The Situationist's new Bablyon


"Town planning is not industrial design, the city is not a functional object, aesthetically sound or otherwise; the city is an artificial landscape built by human beings in which the adventure of our life unfolds.” Constant Nieuwenhuys, 1960

The Situationist response to the city of the commodity and spectacle is a dreaming of the city of tomorrow. The ludic or recreational city is premised on the socialisation of the ground and the complete automation of the production. In this utopia we don't have to work, can lead a nomadic existence and one can live fully as creative beings. Only then can we become a homo ludens.

That is utopian rupture from the old modernist form follows function ethos. The Situationist vision is called the New Babylon. It is a utopian scheme for a new mode of dwelling and new society by Constant A. Nieuwenhuis. It exists in the form of a series of maquettes, charts, sketches and paintings. It is hard to get a sense of an urban life of play in the recreational city from images such as this:
Newbabylon1.jpg

or even this:

Newbabylon2.jpg
Constant attained a prominent position in the world of experimental architecture in the 1960s', but this influence faded and New Bablyon as a situationist city has been forgotten by urban designers. Constant stopped working on the project in 1974 and turned to painting.

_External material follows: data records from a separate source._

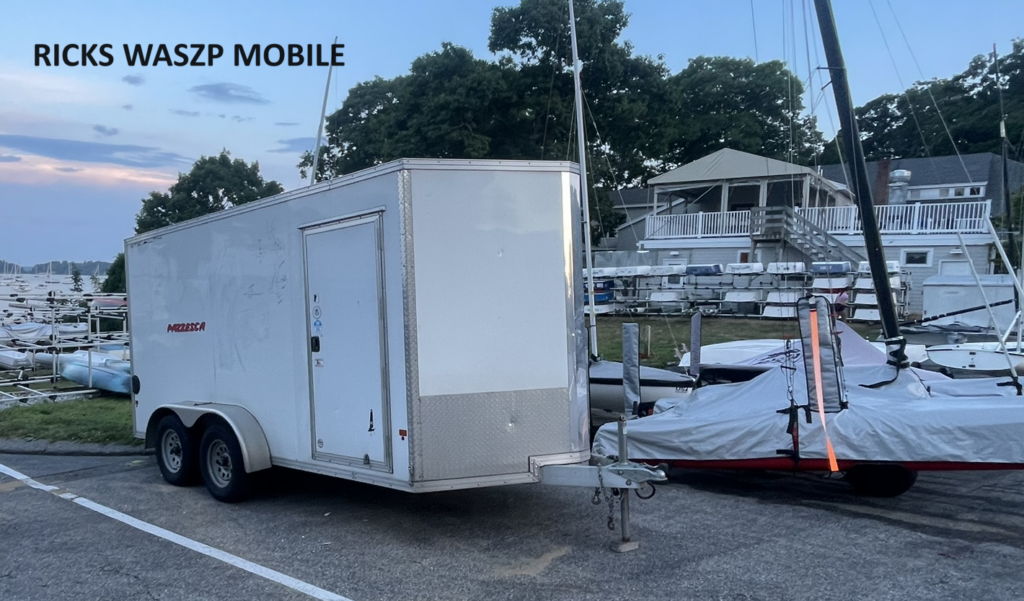 A white enclosed trailer labeled "RICK'S WASZP MOBILE" is parked on a paved lot near docks with several small sailboats and trees in the background, during early evening.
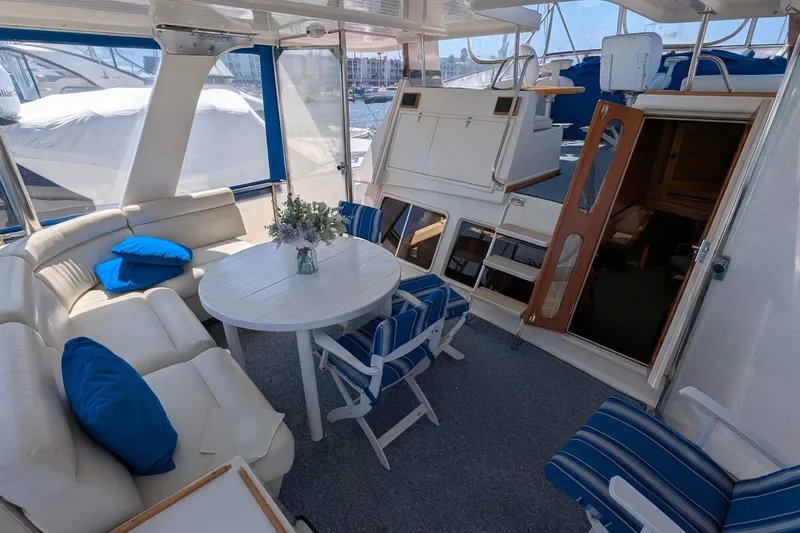 Fishers Folly IV Yacht Photos Pics Luxurious 1988 Offshore Yachts 48 Yachtfisher interior with seating and table, docked at marina.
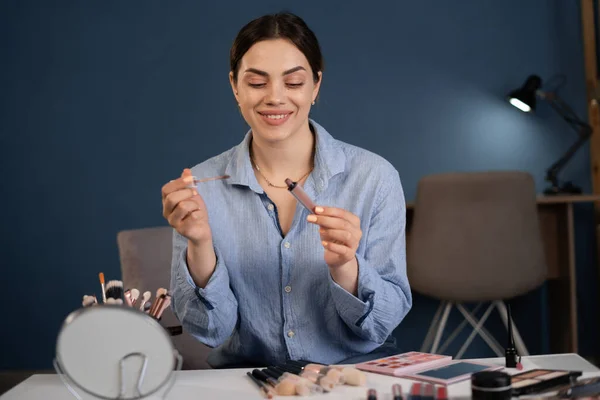 Beauty blogger caucasian young woman is broadcasting and recording the broadcast on a smartphone. holds lipstick in her hands makes a review of cosmetic products in a makeup video blogger.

These images are from the first large presentation of the New Babylon project since 1974 at Witte de With, (21 November 1998 to 10 January 1999). A monograph associated with the exhibition was produced. A symposium on Contant's New Bablyon was held in 2000. The forementioned exhibition contains images such as these:
Architecturebabylon1.jpg Architecturebabylon2.jpg

It is hard to make out what this city of play would be like from such images.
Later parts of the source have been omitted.